Re: [RFC PATCH for 4.21 01/16] rseq/selftests: Add reference counter to coexist with glibc

From: Szabolcs Nagy
Date: Thu Oct 11 2018 - 12:23:07 EST


On 11/10/18 16:13, Mathieu Desnoyers wrote:
> ----- On Oct 11, 2018, at 6:37 AM, Szabolcs Nagy Szabolcs.Nagy@xxxxxxx wrote:
>
>> On 10/10/18 20:19, Mathieu Desnoyers wrote:
>>> In order to integrate rseq into user-space applications, add a reference
>>> counter field after the struct rseq TLS ABI so many rseq users can be
>>> linked into the same application (e.g. librseq and glibc). The
>>> reference count ensures that rseq syscall registration/unregistration
>>> happens only for the most early/late user for each thread, thus ensuring
>>> that rseq is registered across the lifetime of all rseq users for a
>>> given thread.
>> ...
>>> +__attribute__((visibility("hidden"))) __thread
>>> +volatile struct libc_rseq __lib_rseq_abi = {
>> ...
>>> +extern __attribute__((weak, alias("__lib_rseq_abi"))) __thread
>>> +volatile struct rseq __rseq_abi;
>> ...
>>> @@ -70,7 +86,7 @@ int rseq_register_current_thread(void)
>>> sigset_t oldset;
>>>
>>> signal_off_save(&oldset);
>>> - if (refcount++)
>>> + if (__lib_rseq_abi.refcount++)
>>> goto end;
>>> rc = sys_rseq(&__rseq_abi, sizeof(struct rseq), 0, RSEQ_SIG);
>>
>> why do you use a local refcounter instead of the __rseq_abi one?
>
> There is no refcount in struct rseq (the ABI between kernel and user-space).
> The registration refcount was part of an earlier version of the rseq system call,
> but we decided against keeping it in the kernel.
>
> So I'm adding one _after_ struct rseq, purely to allow interaction between
> various user-space components (program/libraries).

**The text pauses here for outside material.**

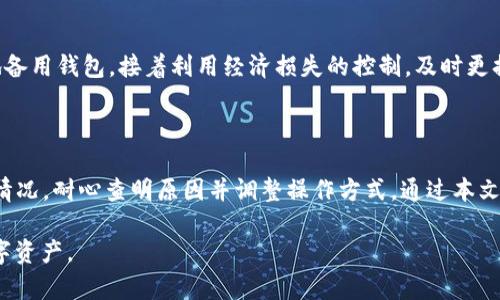    imtoken无法恢复EOS钱包的原因及解决方案  /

then all those components must use the same

rseq_register_current_thread
rseq_unregister_current_thread

functions and not call the syscall on their own.

in which case the refcount could be a static __thread variable.

but it's in a magic struct that's called "abi" which is confusing,
the counter is not abi, it's in a hidden object.

>> what prevents calling rseq_register_current_thread more than 4G times?
>
> Nothing. It would indeed be cleaner to error out if we detect that refcount is at
> INT_MAX. Is that what you have in mind ?

yes

>> why cant the kernel see that the same address is registered again and succeed?
>
> It can, and it does. However, refcounting at user-level is needed to ensure
> the registration "lifetime" for rseq covers its entire use. If we have two libraries
> using rseq, we end up with the following scenario:
>
> Thread 1
>
> libA registers rseq
> libB registers rseq
> libB unregisters rseq
> libA uses rseq -> bug! it's been unregistered by libB.
> libA unregisters rseq -> unexpected, it's already been unregistered.
>
> same applies if libA unregisters rseq before libB (and libB try to use rseq
> after libA has unregistered).
>
> The refcount in user-space fixes this.

i see.

> Thoughts ?
>
> Thanks,
>
> Mathieu
>